Definition of closed Ideal in the space of finite measures.

Question

Let $M(\mathbb{R})$ be the space of finite signed measure on $(\mathbb{R})$. What is the norm defined on this space? From theorem 1.3.5 in Rudin Fourier analysis on groups. Interscience Tracts in Pure and Applies Mathematics, It is proved that $L^{1}(\mathbb{R})$ is a closed ideal in the space $M(\mathbb{R})$. What is the definition of closed ideal means here?

Answer 1

A fairly standard norm in this case would be the total variation; in particular, for $\nu \in M(\mathbb{R})$, we define $$\| \nu\| = \lvert \nu \rvert (\mathbb{R}).$$ If I'm not mistaken, a closed ideal is simply an ideal (very much like those from ring theory) which is closed in the topology induced by the norm on $M(\mathbb{R})$.
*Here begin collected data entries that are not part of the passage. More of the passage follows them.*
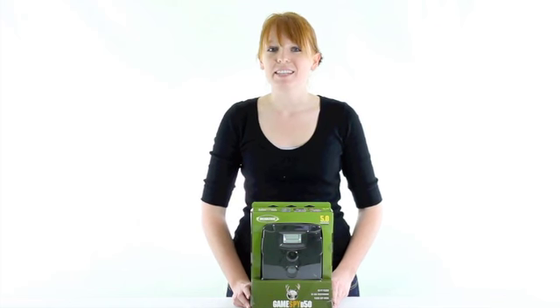Hi guys, I'm Brittany with VMInnovations and today I'm here to show you the GameSpy Trail Camera by Moultrie.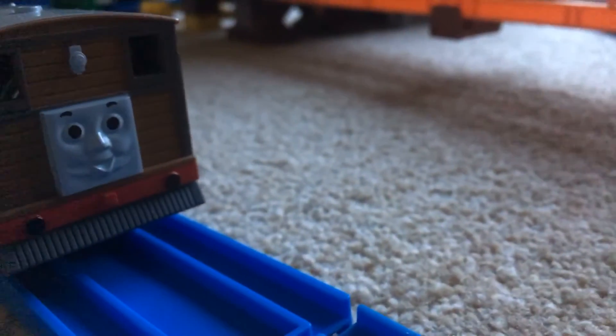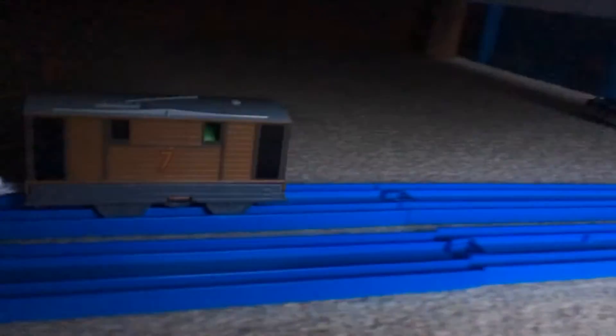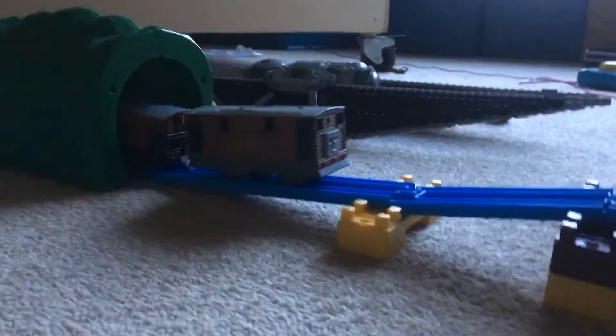Let's see how good his build is and how good his mechanism is — let's give him a run. Go Toby go! He's into the tunnel, and here he is on a different route. Get ready for a little shake shake bridge.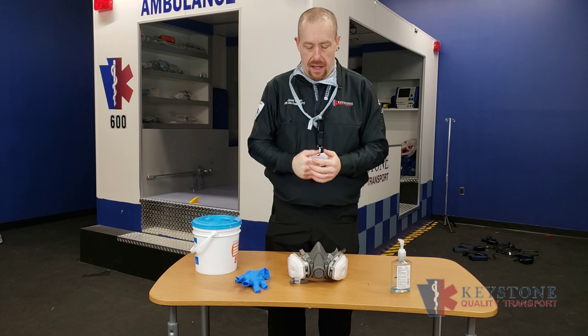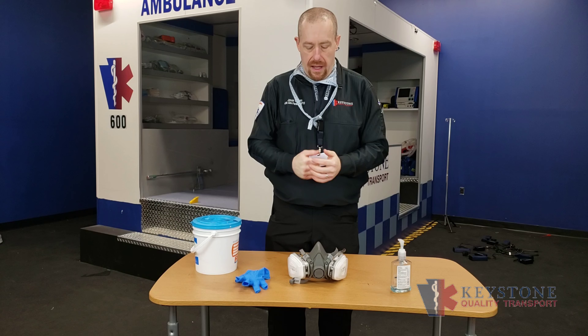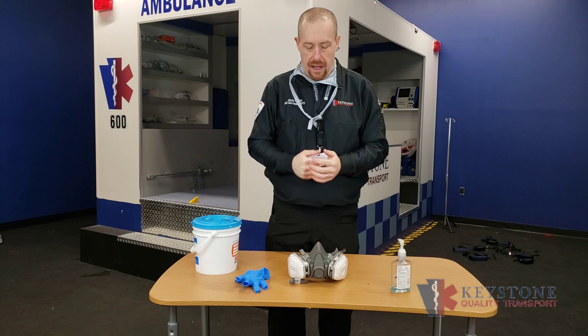Good day. My name is Jason Winters. I've been asked to speak to you today about the cleaning and storage of the 3M multi-use respirator following a patient contact.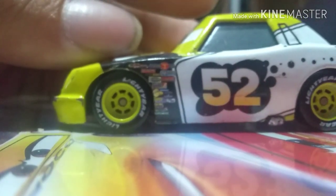On the top, you have number 52 again with that oil splatter and a little white box around the number. And his wheels say Lightyear, and they are colored yellow.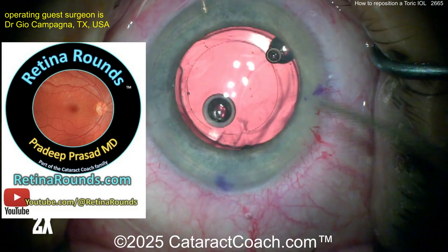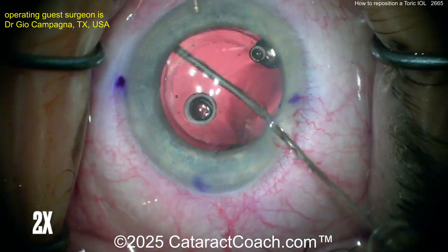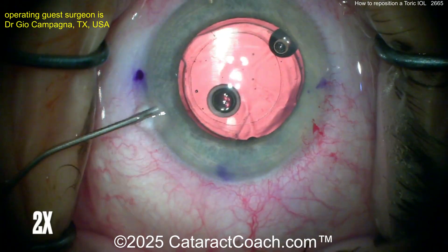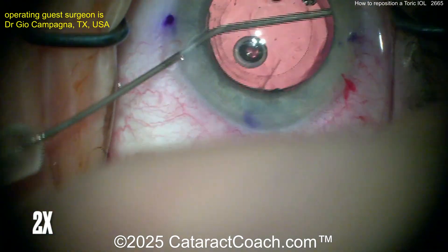Check out RetinalRounds.com — you are shortchanging yourself by not learning from Retina Rounds. Now, more viscoelastic to really get the capsule bag open. It looks like this patient had surgery quite a while ago — I'd say at least many months. Once that's opened up, you should be able to free up the haptics.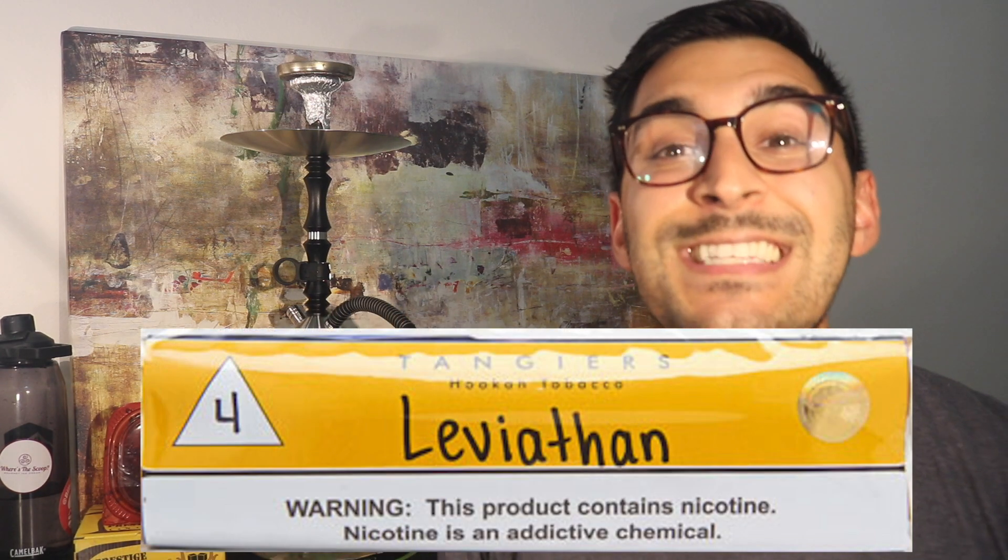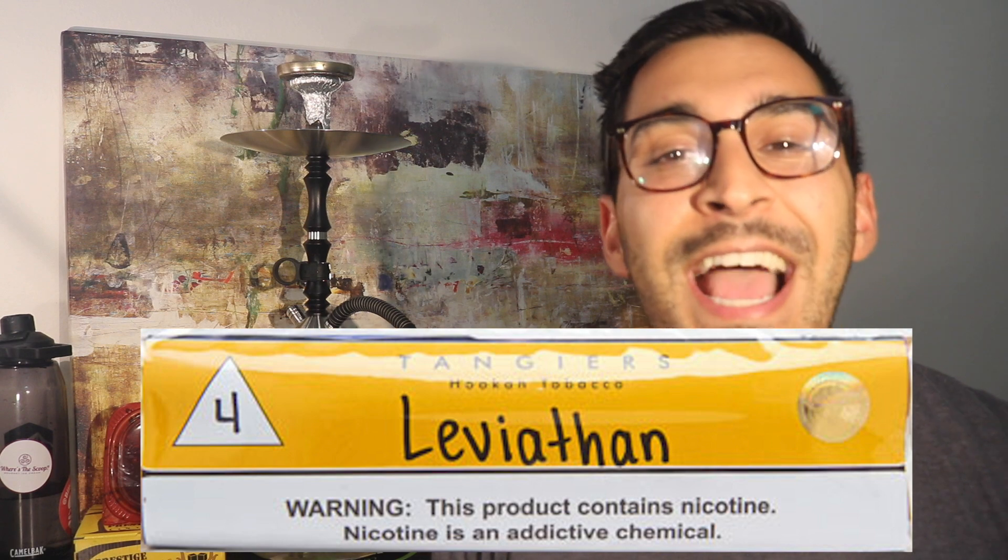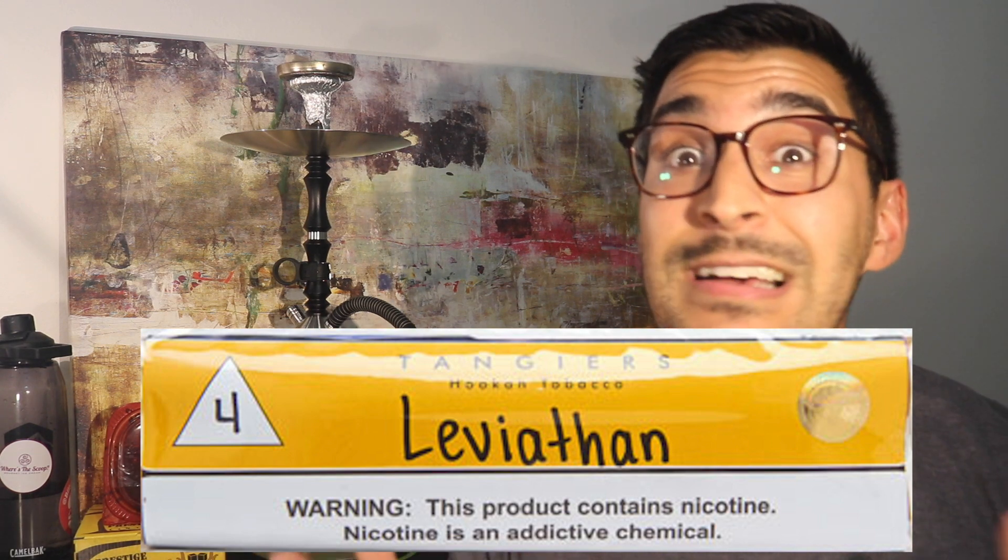What's going on everybody? This is Zach with Strictly Shisha. Today I am reviewing the all-new Tangiers Tobacco. This particular flavor is Leviathan. Tangiers just released nine new flavors to the market and there's been a lot of buzz about these nine new flavors. People are discussing and arguing about the flavor strength, the performance, the flavors themselves, the acclimation process, and the new Tangiers in general.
Edit: To flesh out a few more details, first note that we can embed $L^1(\mathbb{R}) \hookrightarrow M(\mathbb{R})$ via the identification $f \mapsto \nu$, where $d\nu = fdm$ (or, equivalently, $\nu(E) = \int_E f \ dm$), where $m$ denotes Lebesgue measure. As Rudin notes in his text, multiplication of measures is defined by convolution. In particular, for $\lambda, \mu \in M(\mathbb{R})$, we define $$(\lambda * \mu)(E) = (\lambda \times \mu)(E_2),$$ where, in our case, $E_2 = \{ (x,y) \in \mathbb{R}^2 : x+y \in E \}$. We are almost ready to show that $L^1$ is an ideal of $M$. We just need to think about how to show that $\mu * \nu \in L^1$ for $\mu \in M$ and $\nu \in L^1$. Recall that the Radon-Nikodym theorem implies that if $\mu \in M$ is absolutely continuous with respect to $m$, then $d\mu = g dm$ for some $g \in L^1(\mathbb{R})$.
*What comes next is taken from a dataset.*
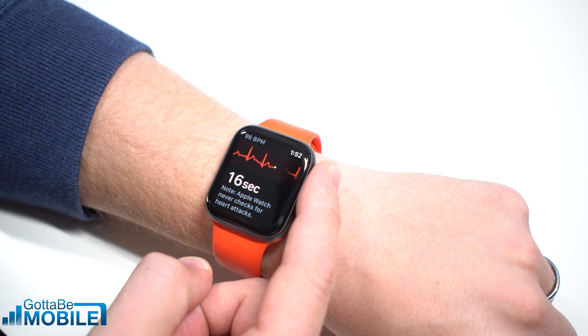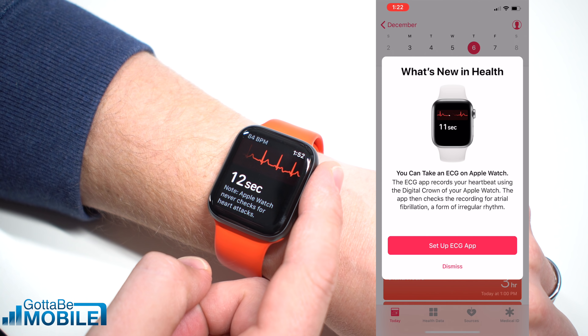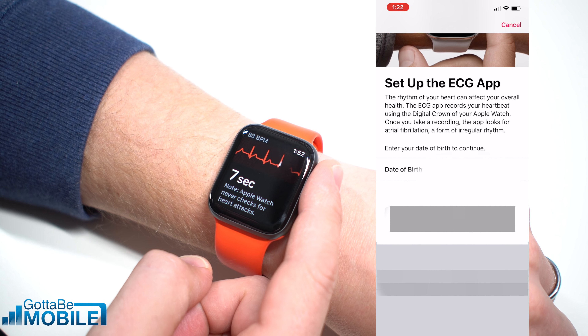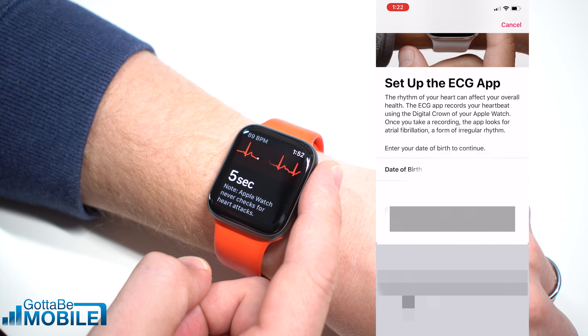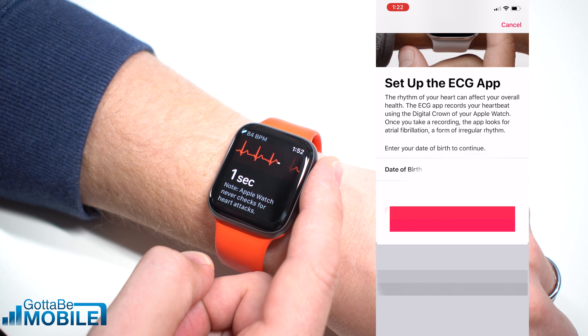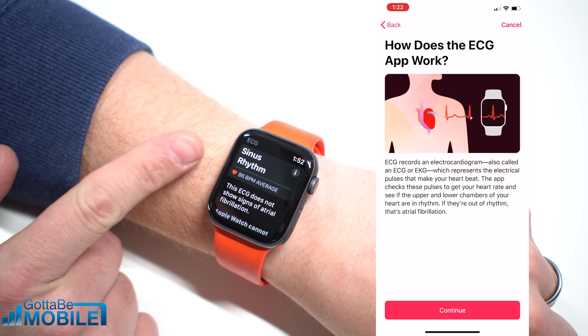Now the first time that you do this, you're going to have to set up a few options in the Apple Health app on your iPhone, which you're going to see on the right side of your screen right now. That's really just filling out a little bit of information about yourself, including your birth date and if you have AFib already.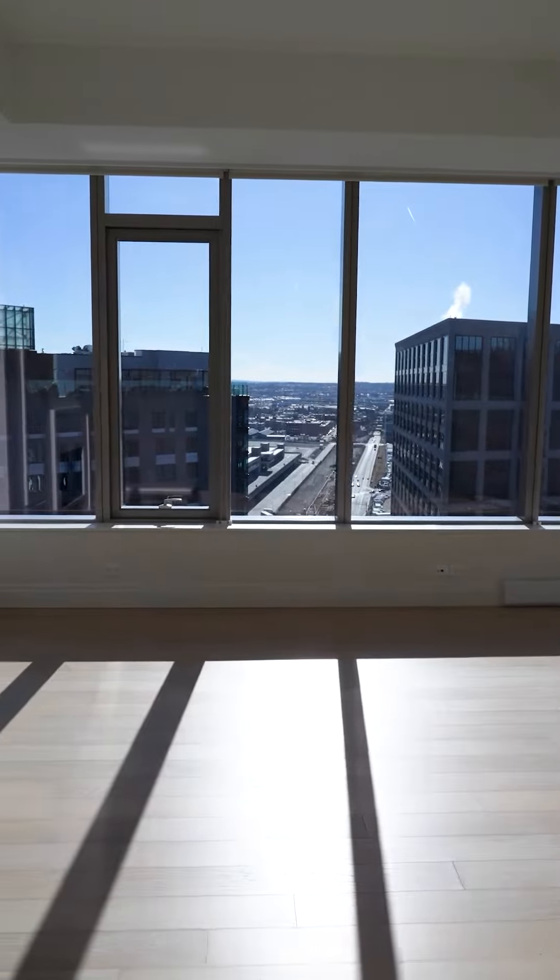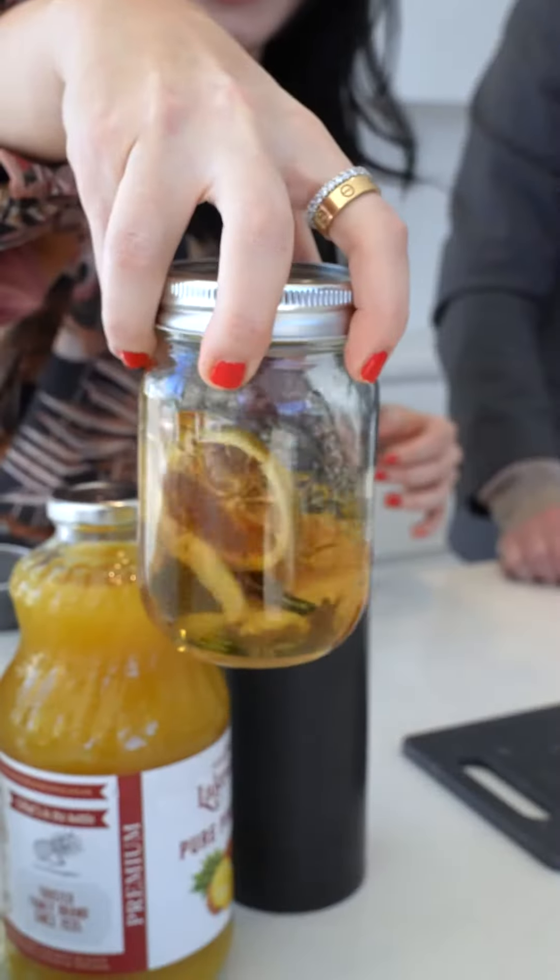Welcome back to the Coupe Club. I'm Nicole. And I'm Daniel. We're 617 Living. Today we're here at the Alex in the Seaport District and we've brought a little bit of Mexico to you with our pineapple and jalapeño refresher.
We can now show that $L^1$ is an ideal of $M$ by taking arbitrary $\nu "\in" L^1$ (ie, $d\nu = fdm$ for $f \in L^1$) and showing that $\mu * \nu \ll m$ for all $\mu \in M$ (see Rudin for the proof). This, of course, implies (again by Radon-Nikodym) that $d(\mu * \nu) = gdm$ for some $L^1$ function $g$. Therefore, $\mu * \nu \in L^1$ and so $L^1$ is an ideal of $M$. That $L^1$ is complete implies that $L^1$ is closed in $M$ and therefore $L^1$ is in fact a closed ideal of $M$.